You have to pay to post pics? When did that happen?
It was recent.
I’m going to have to trust you because I’m not going back there to check.
being able to post inline images was a reddit premium feature in the official app only, iirc. you could still link images to text like we had always done in ye olden days and use an inline image opener to get the same results… but grifters gonna grift.
souce?
Did you ask the wrong person? I was asking as well.
Pics or it didn’t happen.
I will say, though, anything that disincentives people to spam useless images and gifs in the comments, kind of like the next comment down, has its merits.
If there’s one thing I miss about Reddit, it’s that there was a lot less of this Discord-esc image spam over there than there is over here
Yeah. I agree that it’s bad to put the feature behind a paywall, but I also just wish it wasn’t a feature in the first place. Meme picture comments are attention grabbing and take up a lot of space. They can end up dominating the thread; making people just kind of skim over the text comments and just look at the highly prominent pictures, as though they are a kind of super-comment.
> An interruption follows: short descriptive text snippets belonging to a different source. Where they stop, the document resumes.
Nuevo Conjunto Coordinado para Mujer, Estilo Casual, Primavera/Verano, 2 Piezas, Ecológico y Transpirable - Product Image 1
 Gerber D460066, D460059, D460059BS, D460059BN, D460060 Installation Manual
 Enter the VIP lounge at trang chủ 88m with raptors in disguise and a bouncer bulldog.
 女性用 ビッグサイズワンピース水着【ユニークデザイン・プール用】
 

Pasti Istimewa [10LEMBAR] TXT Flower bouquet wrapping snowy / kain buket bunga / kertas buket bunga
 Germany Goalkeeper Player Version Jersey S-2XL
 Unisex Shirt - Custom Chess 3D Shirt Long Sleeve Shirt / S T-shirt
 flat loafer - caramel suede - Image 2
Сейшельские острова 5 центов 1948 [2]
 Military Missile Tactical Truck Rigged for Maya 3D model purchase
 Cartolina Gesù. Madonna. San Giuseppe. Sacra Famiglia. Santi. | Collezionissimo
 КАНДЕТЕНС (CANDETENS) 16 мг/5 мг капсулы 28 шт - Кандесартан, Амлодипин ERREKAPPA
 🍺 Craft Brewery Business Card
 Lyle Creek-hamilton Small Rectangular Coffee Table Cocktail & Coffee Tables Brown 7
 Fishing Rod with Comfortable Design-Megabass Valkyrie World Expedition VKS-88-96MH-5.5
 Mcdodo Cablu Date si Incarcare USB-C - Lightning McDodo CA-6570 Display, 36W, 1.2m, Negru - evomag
So even though sometimes the images are great and funny / interesting / clever or whatever - I think it can degrade the conversation on the platform. I’m at least thankful that not many people are using them on lemmy; currently.
Dear fucking god, THAT explains why I couldn’t do that.
Its always the same with online services/platforms looking to make money. Offer a free or cheap online service/platform, then advertisements, then more advertisements, then start removing features and hiding them behind paywalls, then more advertisements, then death.
Or, like Facebook and Insta, you get so big that the world itself warps around your platform because no one can remember the before times.
Sounds very familiar. I think I’ve heard pretty much the same thing before when discussing paying for streaming services as opposed to sailing the high seas.